To measure the structural diversity present in these datasets we first extracted the C‐α atomic coordinates corresponding to the framework regions. We then used the Procrustes (Kabsch) algorithm to find the linear transformation resulting in the optimal alignment for each pair of crystal structures and built the set of all pairwise alignments for each dataset.27 This allowed us to compute the matrix of pairwise RMSD values for each dataset—the Nb VHH domains, the Ab VH domains, the Ab VH‐VL domain complexes and also the apo form Nb VHH domains. The mean RMSD values across the framework regions calculated from these matrices are reported in Table 1.

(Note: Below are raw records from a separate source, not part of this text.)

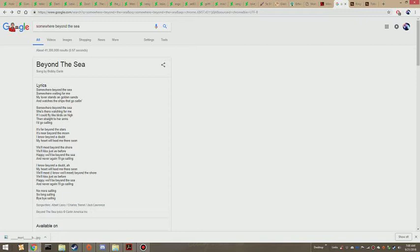If I could fly like birds on high, then straight to her arms I'd go sailing. It's far beyond the stars,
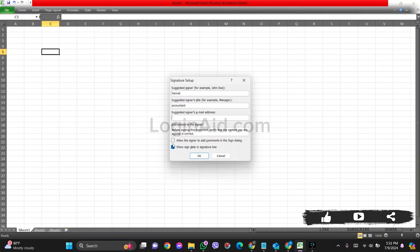If you want to enter the date in signature, you can click on the given box. After you set up your signature, click OK.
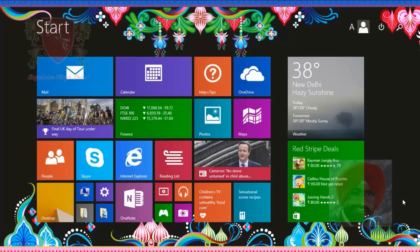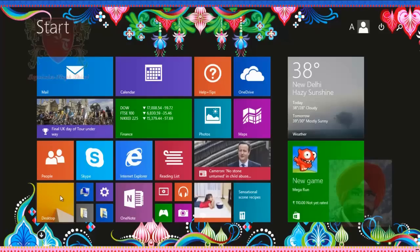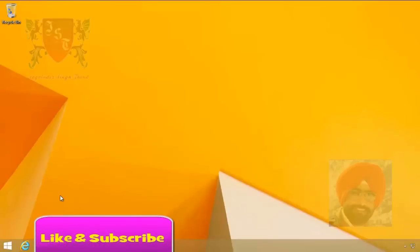Windows 8.1 is installed on my laptop. To go to the Windows 8.1 desktop, we can click on the desktop tile or simply press the Windows key on the keyboard. Now I am on my Windows 8.1 desktop.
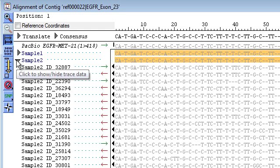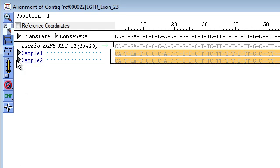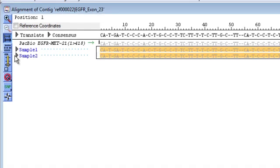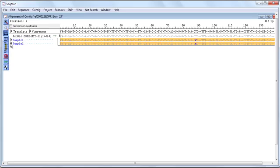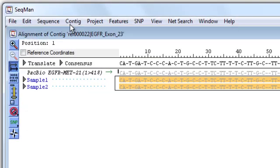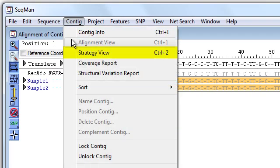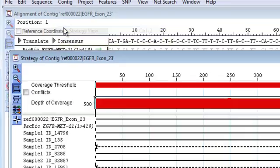And if I want to hide those, I just click the arrow again. And now I can compare the consensus sequence for each sample to my reference sequence. To see a graphical representation of the assembly for this contig, I select Contig Strategy View.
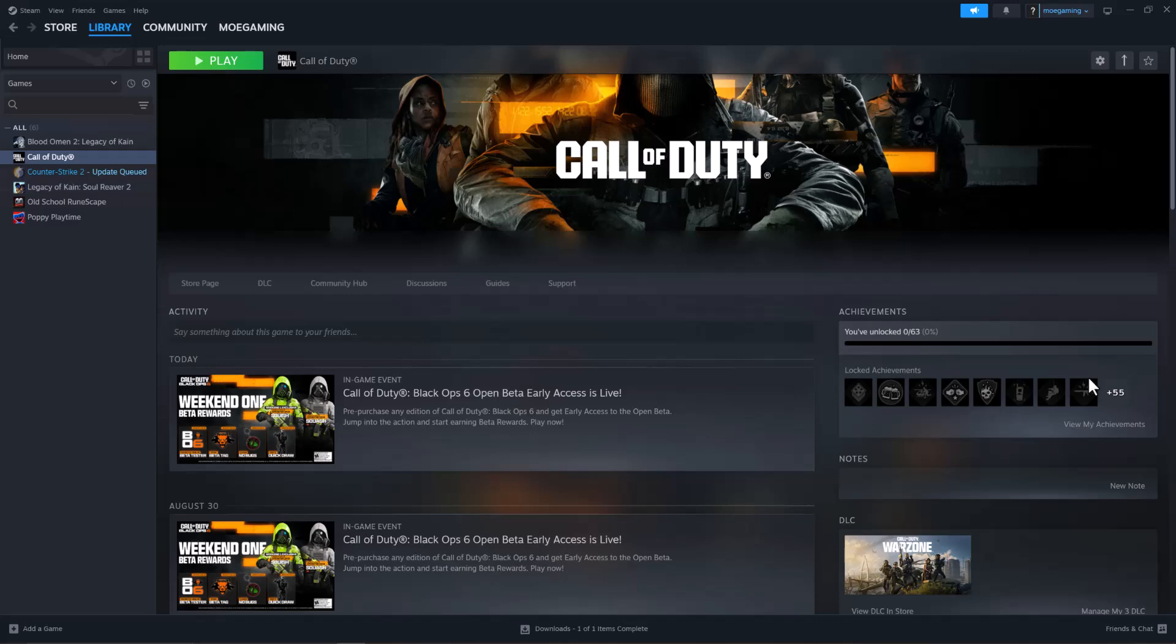What's up everyone, this is Mo Gaming here. Today I'm going to show you how to fix the Black Ops 6 GPU driver version error that you may be facing when you're trying to play the game. If you try to press the play button and this error pops up, there's a couple of ways you can fix this.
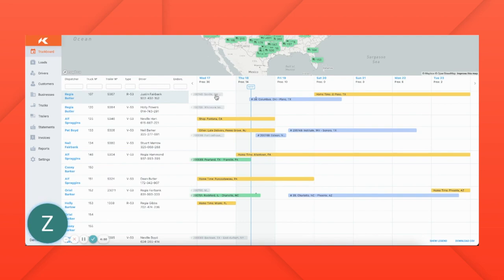The truck board schedule is color-coded to make it easy for you to know where and when your fleet is available.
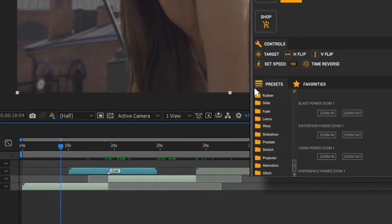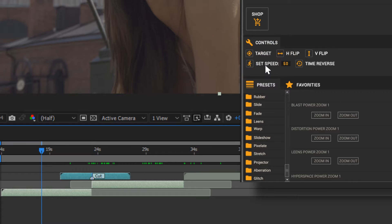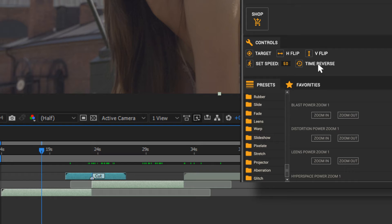Also, you can use the set speed parameter in the control section, or press time reverse and flip the time of the selected layer.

We find that the 90 Nb structures align relatively tightly over the framework regions, with an average pairwise RMSD of 1.01 ± 0.31 Å measured over the C‐α atoms of the 87 aligned framework residues. The equivalent value for the 58 apo form Nbs is similar to this, at 0.95 ± 0.28 Å. In contrast, the 90 Ab VH domains have an average pairwise RMSD of 1.12 ± 0.50 Å measured over the 87 framework C‐α atoms. This RMSD increases to 1.39 ± 0.51 Å if the structural alignment is carried out over the FRs from both VH and VL domains. This suggests that Nbs display a slight yet significant (two‐tailed unpaired t test, P = 3.14 E –33) reduction in framework structural variability compared to Ab VH domains, allowing us to conclude that Nbs do not increase diversity by varying their FR structure.
3.3. Nanobody loop analysis
Our analysis so far suggests that any additional mechanism for generating Nb interaction specificity must be contained in the three hypervariable loops H1–3. Indeed, Figure 2A suggests that in contrast to the framework regions, Nb loops are at least as sequence variable as Ab VH domain loops. Furthermore, Figure 4A shows that the greatest structural variability is found in the Nb H3 loop (shown in red). Previous work has found that Nbs possess particularly long H3 loops,7, 10, 19, 30 which could potentially greatly increase both the sequence and shape diversity of the Nb paratope.
Figure 5 presents analysis of the full‐length Nb VHH domain loops H1–3 in our dataset, which contains 82, 83, and 86 sequence‐unique H1, H2, and H3 Nb loops, respectively. For each loop, we construct a sequence logo; a histogram showing the distribution of loop lengths; a heat map showing the normalized Hamming distance that is, fraction of amino acid differences between every pair of aligned loops; and the extracted section of the structural alignment of Figure 4. Within the logo plots, gray boxes indicate the framework regions immediately adjacent to each loop, which act as sequence flags enabling the loops to be located in the absence of structural information.19 Those sequence positions at the center of each loop with > 85% gap characters are shaded in yellow and excluded from the sequence alignments analyzed in Figures 2 and 3. The percentage of nongap characters at each position is superimposed onto each sequence logo plot as a colored line. For comparison we present the analogous analysis of the Ab VH domain dataset in Figure 6. Our Ab dataset contains 84, 86, and 89 sequence‐unique H1, H2, and H3 Ab VH domain loops respectively. The RMSDs calculated for loop segments H1–3 of VHH domain and VH domain structural alignments are reported in Table 2.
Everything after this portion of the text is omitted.